WHAT IS REQUIRED = In the material below, find the line containing "Линзы цветные оранжевые" and the line containing "ThermoPro TP53 Digital". Output those two lines and all lines between them exactly, without pictures.

SUPPLIED DATA =

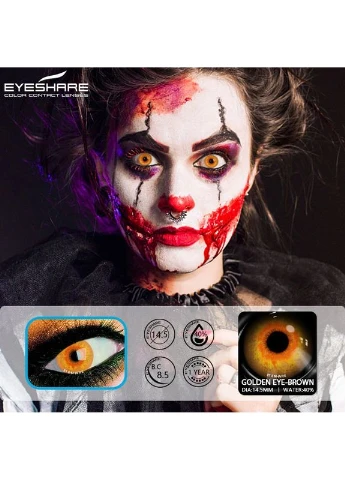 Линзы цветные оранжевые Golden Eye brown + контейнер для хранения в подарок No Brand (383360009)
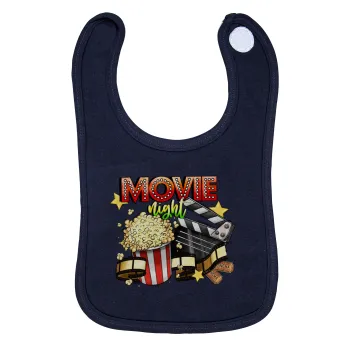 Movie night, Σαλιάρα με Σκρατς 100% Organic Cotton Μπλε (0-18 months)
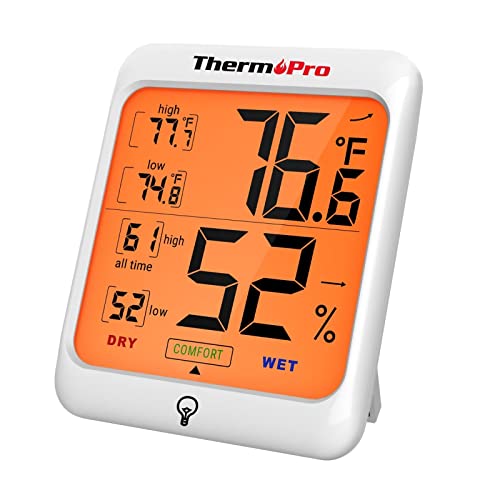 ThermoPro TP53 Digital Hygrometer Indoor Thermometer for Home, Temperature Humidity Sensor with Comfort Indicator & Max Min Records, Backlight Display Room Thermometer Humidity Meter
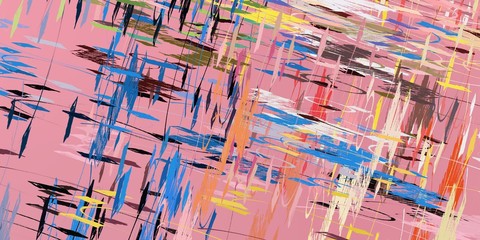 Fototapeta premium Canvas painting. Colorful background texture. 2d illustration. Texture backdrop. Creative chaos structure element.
--
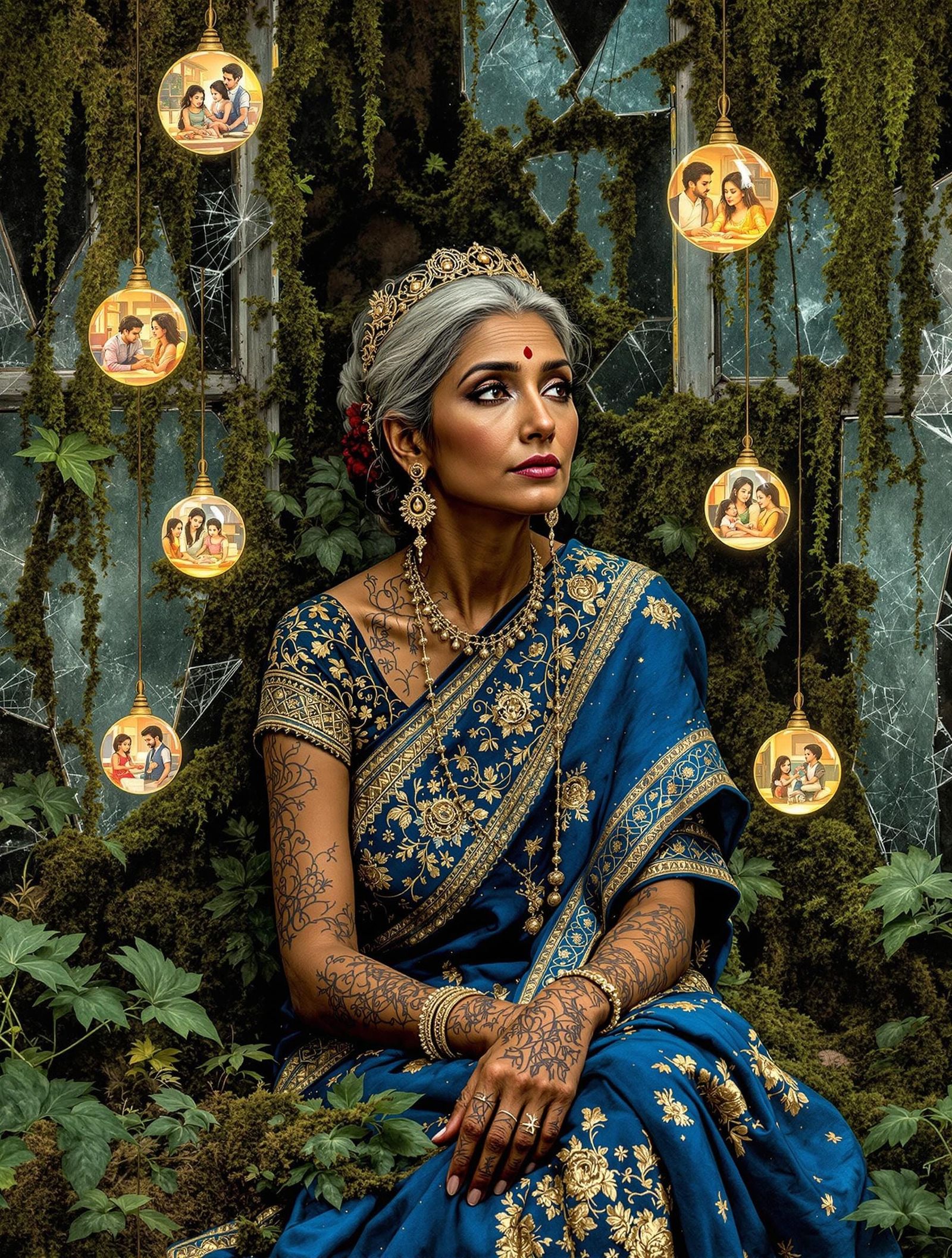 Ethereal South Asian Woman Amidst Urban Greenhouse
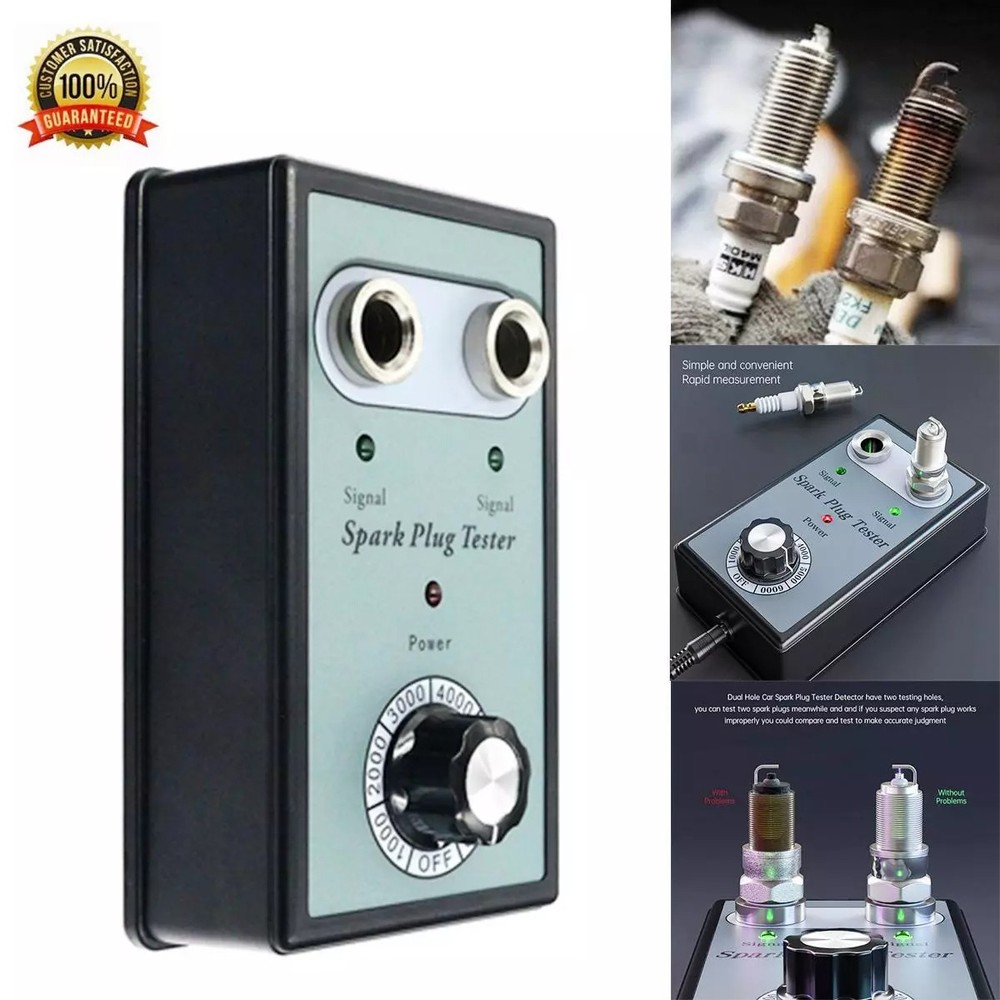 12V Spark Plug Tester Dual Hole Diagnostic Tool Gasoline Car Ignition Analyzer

EXERCISE RESULT =
 Линзы цветные оранжевые Golden Eye brown + контейнер для хранения в подарок No Brand (383360009)
 Movie night, Σαλιάρα με Σκρατς 100% Organic Cotton Μπλε (0-18 months)
 ThermoPro TP53 Digital Hygrometer Indoor Thermometer for Home, Temperature Humidity Sensor with Comfort Indicator & Max Min Records, Backlight Display Room Thermometer Humidity Meter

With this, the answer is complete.